When I finally got up, Jim's stuff was all neatly stowed & squared away in the trunk, so I just straightened up my stuff in the back seat, as the trunk was pretty well spoken for. At least I'd have my tapes and such close at hand while driving. I took my bike off the flimsy trunk rack and U-locked the front wheel to the frame, then chained the whole thing to one of the larger trees beside the tent.


Looping around the Quarter on the streets close to Bourbon, a parking spot eluded us for twenty minutes or more. I was still wrung out a bit from the events of the night before, perhaps, but for whatever reason I felt considerably foggier than usual that afternoon. The hassle of driving and parking claimed the attention of most of my brain, and I was unprepared for anything to happen for several minutes after we started walking again.

Jim and I climbed out of the car, discussing what we should do (eat, and then drink?-- drink, and then eat?--) as two guys walking by asked for a cigarette, or change, or something. They looked like shoe-shine con-men, healthy, dusted and grimy. Somewhere in their thirties, with skin much darker than ours.

Sympathetic, unworried, I said, 'Don't have any right now,' as I stood on the cement, the driver's door still open around me. There was this moment though, (flicker, flicker) where they were standing and staring at us and I felt like a goldfish in a shark tank. I thought they might know exactly how many dollars were in my pocket, or that under my jacket was the black rectangle of our tape player. I closed the door, trying to do something natural. Jim gave them a cigarette, though, or said something friendly to them, because on the surface, the incident melted away and they continued down the sidewalk.
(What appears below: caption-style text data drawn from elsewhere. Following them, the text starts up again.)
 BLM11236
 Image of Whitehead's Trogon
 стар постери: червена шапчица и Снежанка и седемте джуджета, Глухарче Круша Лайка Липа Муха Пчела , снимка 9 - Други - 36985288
We started to move down the street, crossing over to the other sidewalk, the other two men shiftying out of sight.

'Think we should move the car?' I asked, just to ask.

"Nah, it'll be all right. Besides, where the fuck are we going to move it to?"

'Point.' It was still daylight. And nothing had ever made any sense to me, anyway.


We hit Bourbon Street down from the largest squall of humans a bit, mostly shuttered houses pressed right up against the sidewalk. We stumbled into a bar, more properly a shack I suppose, made of cement and plaster, its wooden supports at crazy angles, and inside as dark as you could want. Everyone at the bar was a couple decades older than we were, so I just asked the bartender about someplace to eat.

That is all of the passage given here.